Porra, como eu tava puto.

Quem repetia para que Christophe abaixasse a arma era Gregory. E ele o fez. Muito lentamente, os olhos reluzindo a ameaça pro desgraçado. E ele não devia ter abaixado. Parte dele sabia disso. Porque nós estávamos expostos demais, porque o filho da puta havia gritado para quem quisesse ouvir que nós éramos traidores, que eu era um traidor, e tudo que veio em seguida aconteceu muito rápido.

Houve um tiro. Stan e Cartman me soltaram. E eu me escorei contra a parede de tijolos, minha mão ensanguentada manchando a superfície, olhando para os lados para entender o que acontecia, mas não houve tempo. Havia muito sangue escorrendo pelo meu rosto, cobrindo meus olhos, eu não conseguia enxergar porra nenhuma direito. Mas eu senti o cheiro familiar de cigarro mesclado ao cheiro da pele de Christophe, eu sabia exatamente quem era quando ele passou um braço por cima dos meus ombros e me cobriu com seu corpo que parecia tão, tão grande. E ele me puxava, sussurrando baixo em meu ouvido:

-Corre.

Não era como se eu tivesse escolha, ele abraçou meu corpo de um jeito e me carregou com ele, sabendo que eu não tinha a mínima ideia de que porra acontecia ao meu redor. Eu queria perguntar sobre Stan, sobre os outros, mas todas essas coisas se passavam pela minha cabeça em segundo plano. Eu corria, sabe-se lá de quê, mas corria.
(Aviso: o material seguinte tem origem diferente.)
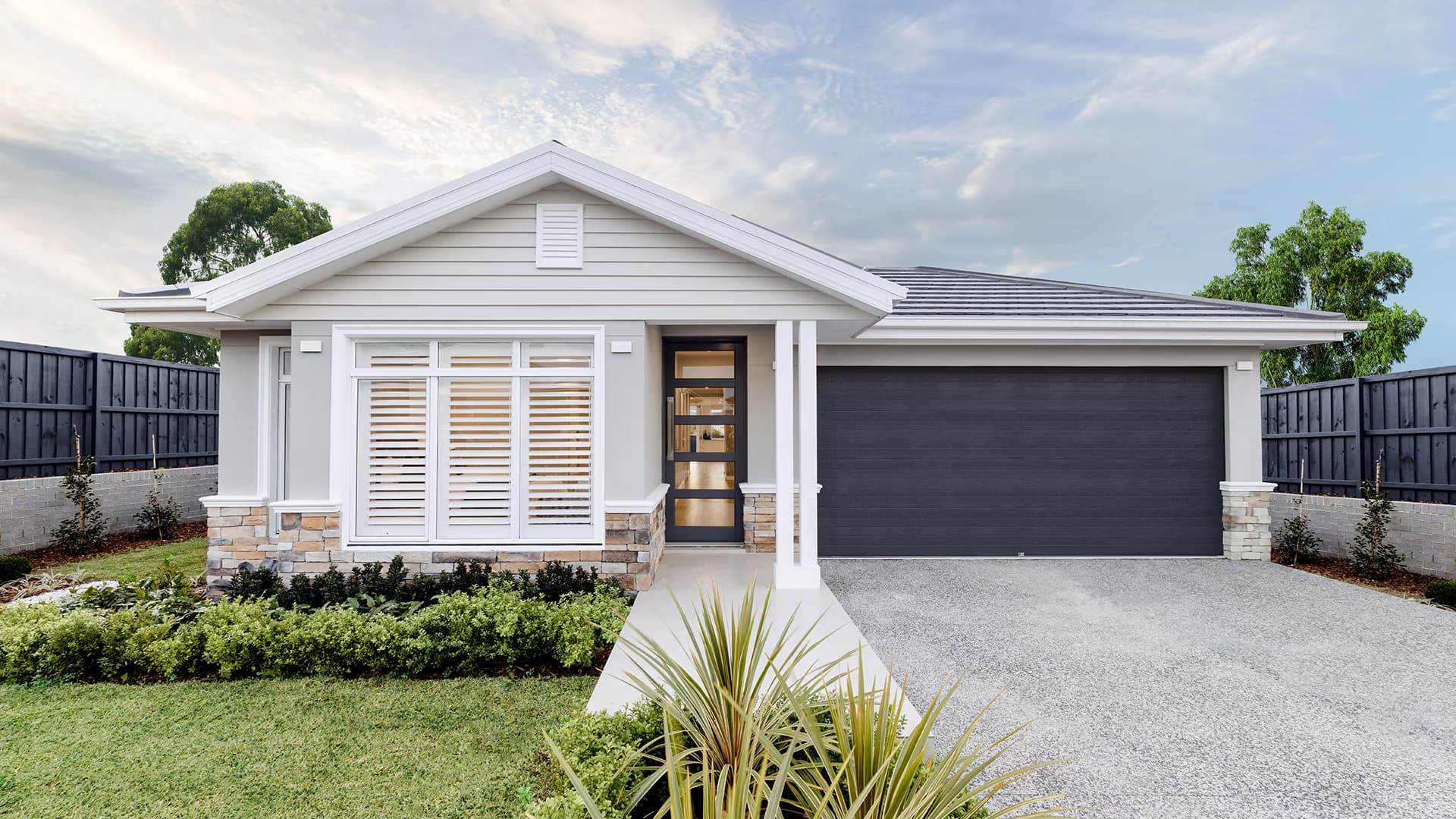 West Hampton facade showcased at Homeworld Thornton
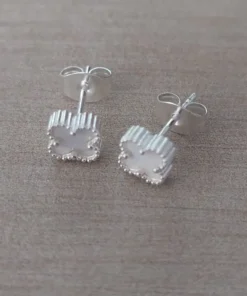 Aro de acero blanco tipo van cleef blanco con fru fru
Minhas pernas entendiam que era uma questão de vida ou morte àquele ponto, já estavam acostumadas a esse tipo de caçada. Eu escondia o rosto ensanguentado contra o peito dele e apertava os olhos, ouvindo outros disparos ecoando pelos céus. Ele estava literalmente me protegendo com o corpo dele, e eu odiava isso, mas estava assustado demais para fazer qualquer coisa que não fosse obedecê-lo.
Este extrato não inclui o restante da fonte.